Heileen is a visual novel video game series developed and published by the Italian studio Tycoon Games for the Android, Linux, MacOS, and Microsoft Windows. The first game Heileen: Sail Away (also known as Heileen: Sail to the New World or just Heileen) was released in 2008 and the sequel Heileen 2: The Hands of Fate in 2009. The final installment Heileen 3: New Horizons was released on December 17, 2012. A free online prequel with the title Heileen: A Trip to Bavaria was released in 2009.

==Gameplay==
The player reads through the story and makes decisions at some points, which leads to different outcomes and one out of three possible endings. The player can also start a relationship with one of the other characters, including lesbian relationships.

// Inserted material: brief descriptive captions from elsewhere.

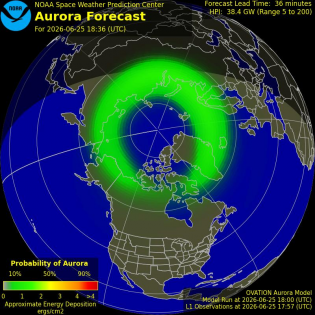 Current Northern hemispheric power input map
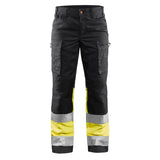 Blåkläder Damen 7161 Warnschutz Bundhose – schwarz/gelb
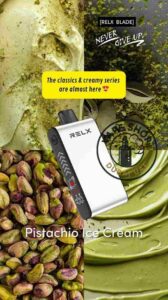 Relx blade 50000 puffs Pistachio Ice Cream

The game offers a quest system and gives them a score rating at the end of the game. The second game features 15 unique endings and an enhanced version of the original quest system in Heileen with 20 quests. The third game does not feature a quest system anymore and offers a new stat raising system instead.

==Heileen: A Trip To Bavaria==
Heileen: A Trip To Bavaria tells the story of a trip Heileen did on her 16th birthday to a small village in Bavaria. There she met Magdalene and they became very good friends. Heileen's uncle Otto and Lora appear in the game, as well.

==Heileen: Sail Away==
Heileen, a young 17th-century girl, goes on a voyage with her Uncle Otto to visit the new world, the Americas. She is accompanied by her best friend Marie and her Uncle's mistress, Lora. Based on the choices the player makes the game leads to one of three different endings. At the end, however, Heileen gets shipwrecked on a Caribbean island.

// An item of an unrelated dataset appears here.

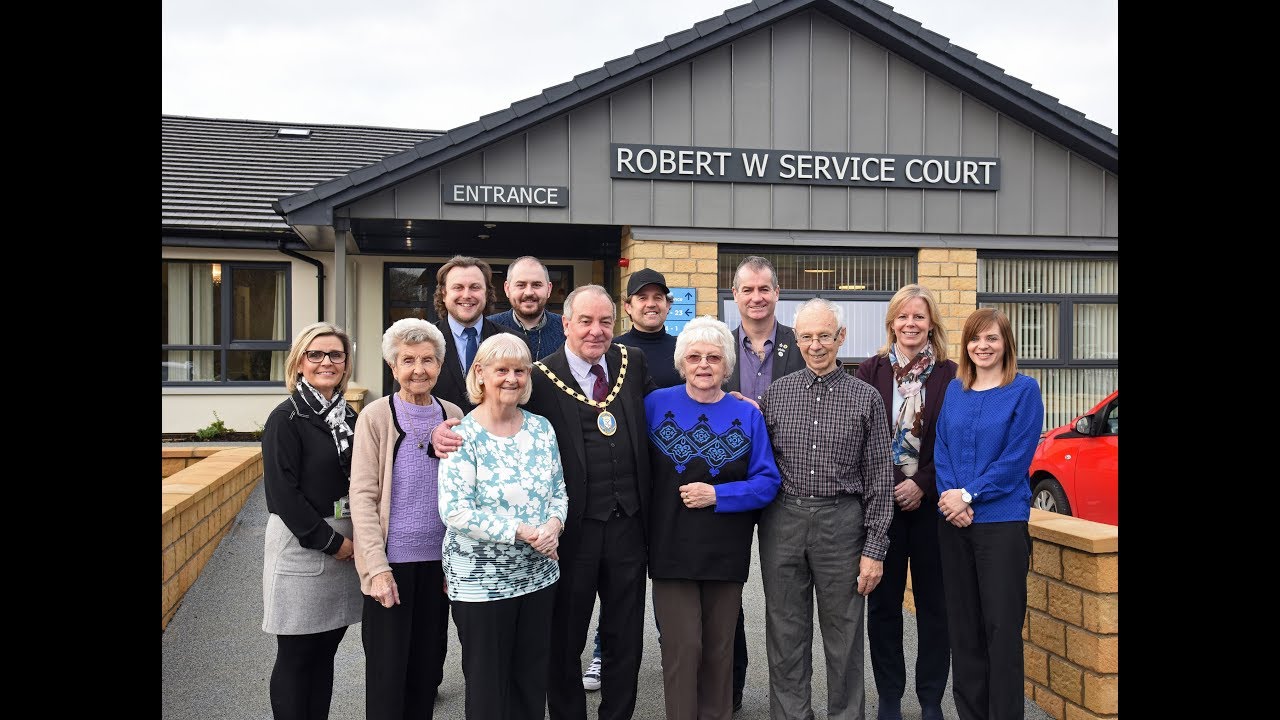 Provost officially reopens Robert W Service Court in Kilwinning YouTube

==Heileen 2: The Hands of Fate==
Heileen 2: The Hands of Fate takes place on a mysterious Caribbean island where Heileen was shipwrecked at the end of the first game. Her ex-slave friends Robert and Ebele helped her survive, but when Heileen discovers a deck of tarot cards representing the seven deadly sins and the seven godly virtues, she realizes that the power of the cards can help her unlock the secrets of her past and shape her future. With the tarot cards, she can escape from the island, find her true love, meet pirates, or do nothing at all.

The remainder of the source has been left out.